> _PROBLEM STATEMENT_
Transcribe the material verbatim, starting at its first line and stopping once the line containing "Two critical data" has been given; no picture should appear.
START GIVEN MATERIAL
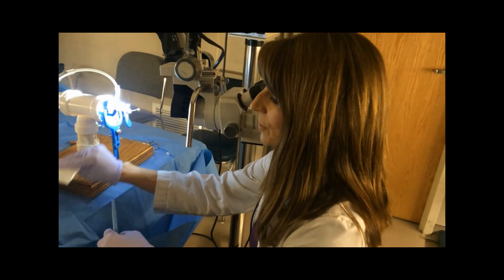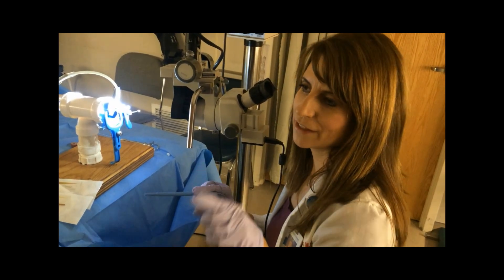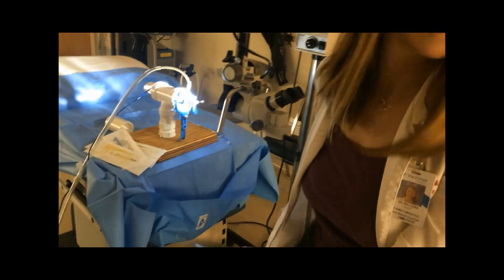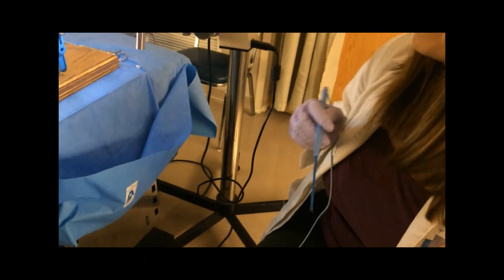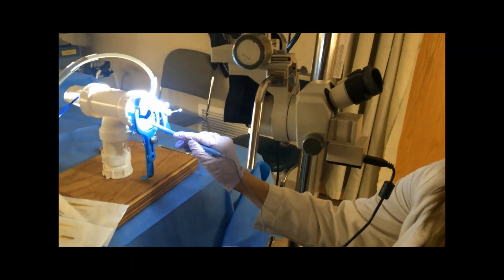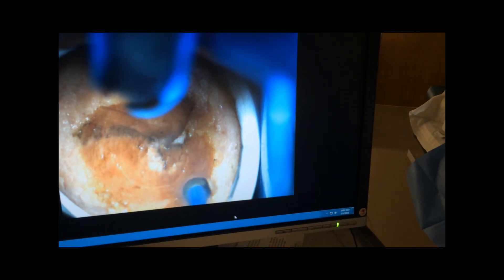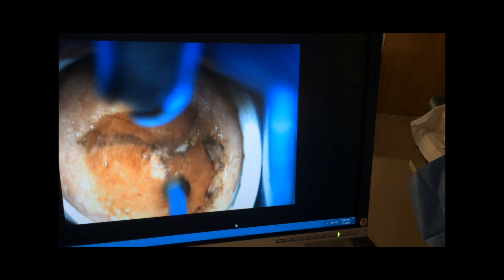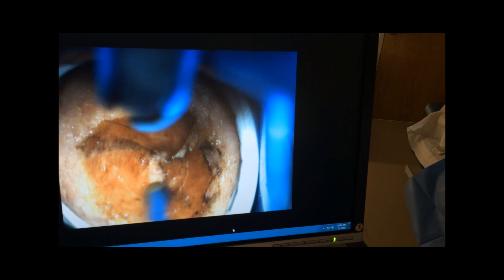The next thing I would do is take a ball electrode and do a full graze around the edges. I'm not going to actually demonstrate the full version because it makes so much smoke, but you basically just burn all the way around these edges, and then go a ball-width or two more internal, being very careful to avoid the os.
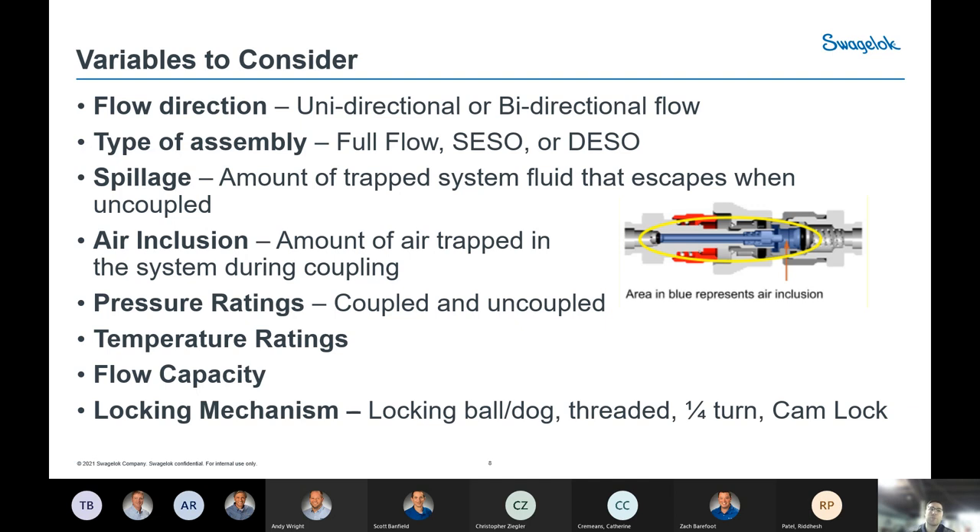Two critical data points tied to each other are spillage and air inclusion. Spillage is the amount of trapped system fluid that escapes from your shutoff valve — or the closest upstream shutoff — when uncoupled. Even in a DESO setup with shutoffs in both the body and stem, there's still a trapped volume that will escape when you uncouple. Air inclusion is the reverse: the amount of air trapped within the Quick Connect when you couple them. The blue area in the cutaway illustrates air inclusion when coupled. If you can't have air injected into your system, or you're working with hazardous media and want to prevent spillage, keep those numbers as low as possible.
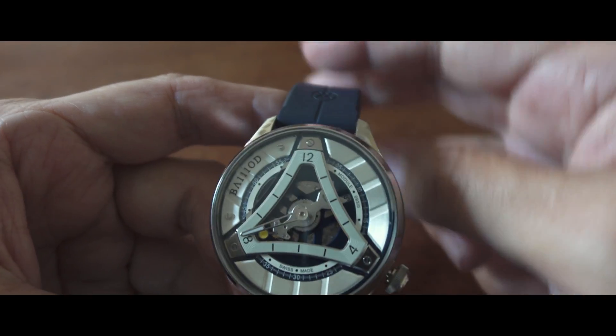Almost 100% of the components are made in Switzerland and it wears quite well on the wrist. More information and details are available in the article linked below. Subscribe for more. Thanks.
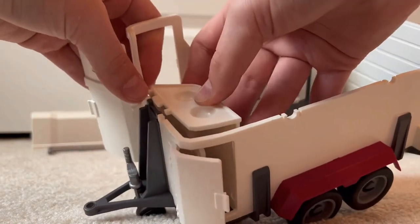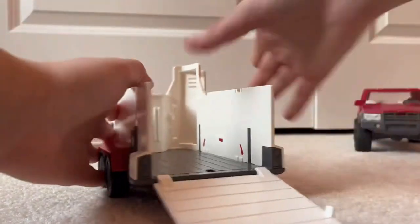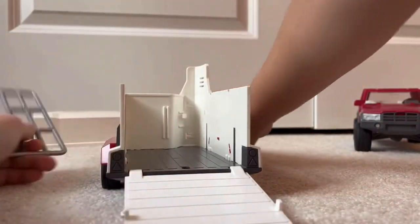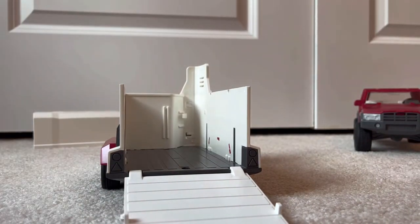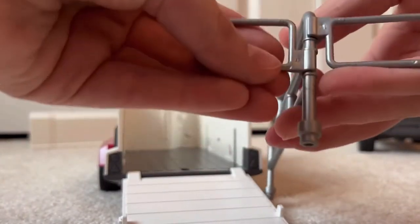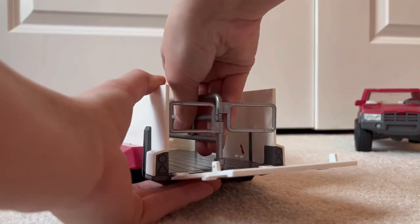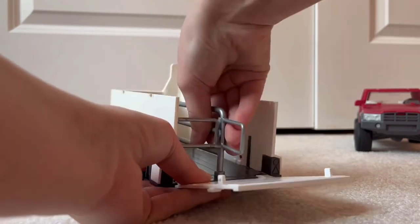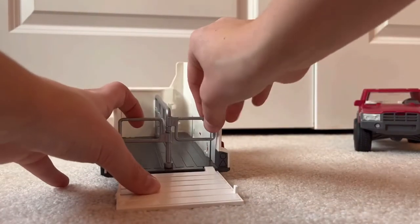If we open up the back here, we have this divider. You can just leave it as is if you only want one horse in here, but if you want two, then you can put in this divider. Clearly, I'm not very good at some assembly required, but we're getting there. So, we're going to snap that in there and snap it in right here. Okay, I got it. It works like that — these little dividers move. That's really cool.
END GIVEN MATERIAL
> _TASK RESPONSE_
The next thing I would do is take a ball electrode and do a full graze around the edges. I'm not going to actually demonstrate the full version because it makes so much smoke, but you basically just burn all the way around these edges, and then go a ball-width or two more internal, being very careful to avoid the os.
Two critical data points tied to each other are spillage and air inclusion. Spillage is the amount of trapped system fluid that escapes from your shutoff valve — or the closest upstream shutoff — when uncoupled. Even in a DESO setup with shutoffs in both the body and stem, there's still a trapped volume that will escape when you uncouple. Air inclusion is the reverse: the amount of air trapped within the Quick Connect when you couple them. The blue area in the cutaway illustrates air inclusion when coupled. If you can't have air injected into your system, or you're working with hazardous media and want to prevent spillage, keep those numbers as low as possible.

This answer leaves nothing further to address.